Anche in queste regioni, dunque, si assiste ad un fenomeno migratorio di popolazioni che sono alla ricerca di un vivere migliore con l’adattamento alle risorse già note e con la ricerca di altre da trovare e da sviluppare. È interessante il fatto che gli abitanti dispersi attorno all’equatore si sentono appartenenti al gruppo “bantu”.
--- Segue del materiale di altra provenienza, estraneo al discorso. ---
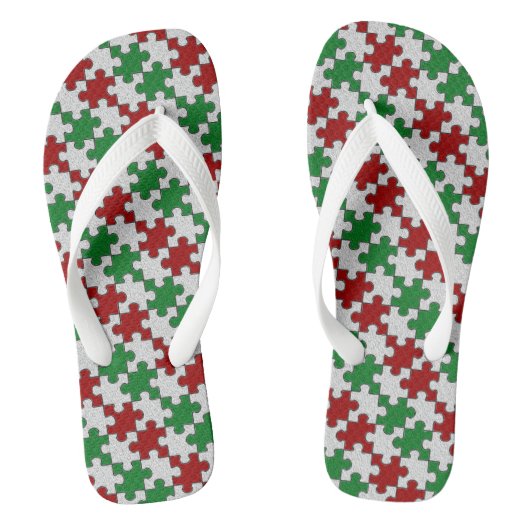 Tongs de pièces de puzzle de couleurs de vacances (Semelle)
Bantu è un termine di classificazione linguistica derivata dal fatto che nelle lingue parlate dalle popolazioni nere che oggi costituiscono la quasi totalità degli abitanti dell’emisfero meridionale dell’Africa, una certa forma della radice -ntu nell’uso generale significa “essere umano”; e dal fatto che queste lingue hanno un sistema di classi di parole in cui una certa forma del prefisso ba- sta a indicare il plurale della classe che denota le persone. Le circa quattrocento lingue bantu hanno in realtà vocaboli e strutture grammaticali molto più simili di quanto non si verifichi di solito con le lingue del Sudan, anche in aree molto piccole, le lingue bantu vengono parlate in quell’enorme estensione territoriale che va dal monte Camerun alla costa atlantica fino al monte Elgon in Uganda e da qui prosegue verso est fino a raggiungere la costa vicino a Lamu (benché ci sia una rientranza a sud fino al centro della Tanzania). (…) Fu questo legame insolitamente stretto tra le lingue bantu a fornire la prima indicazione del fatto che gli antenati di coloro che oggi parlano tale idioma dovettero aver occupato l’intera Africa meridionale in un periodo relativa-mente breve e recente Ogni altra conclusione iniziale era meno adeguata a spiegare il significato di questo stretto legame. Era normale pensare alle lingue bantu come a una famiglia linguistica distinta da tutte le altre famiglie linguistiche dei neri, e che coloro che le parlavano non potevano essere “veri neri”: in effetti da molti furono ritenuti neri camitizzati. In altre parole, le somiglianze e le differenze che questi due gruppi presentavano sul piano culturale e linguistico rispetto ad altri africani neri erano ritenute conseguenze di vari processi di conquista e di assimilazione con i camitici.
(Fage, p. 34-35)
Con la medesima visione a proposito delle popolazioni bantu lo storico Ki-Zerbo si muove nella sua ricerca circa le regioni centrali dell’Africa …
L’ETIOPIA
L’impero africano, durato più a lungo e comunque composto da una popolazione di pelle nera, è certamente l’Etiopia, giunto fino ai nostri giorni nonostante le alterne vicende che lo vedevano scomparire e poi risorgere.
CARTINA DELL’ETIOPIA
Nella storia di questo Paese si succedono forme diverse di governo, avendo sullo sfondo racconti fantasiosi e leggendari che gli conferiscono un fascino particolare e soprattutto una fisionomia davvero unica. Proprio lo sfondo leggendario permette il conservarsi e il ricrearsi continuo di questo impero, che, anche a risultare circoscritto sull’acrocoro, dove gli altipiani si distendono sempre ad una certa quota, si configura come un insieme di popolazioni diverse. Il caso etiopico, che va considerato nell’ambito degli imperi realizzati nel corso di secoli con un percorso altalenante, deve la sua evoluzione alla vicinanza e alla solidarietà con la popolazione sudanese e nubiana che ha forti legami con l’Egitto, sia quello del periodo faraonico, sia quello successivo della dominazione romana e insieme della scelta di campo del Cristianesimo. Se per diversi periodi si deve parlare di una dipendenza religiosa del mondo etiopico da quello copto, cioè dal mondo cristiano egiziano, così denominato, non si può neppure trascurare il fatto che gli etiopi hanno sempre rivendicato un certo vincolo con il mondo ebraico, nel nome della famosa regina di Saba, di cui si parla nella Bibbia negli anni del regno di Salomone.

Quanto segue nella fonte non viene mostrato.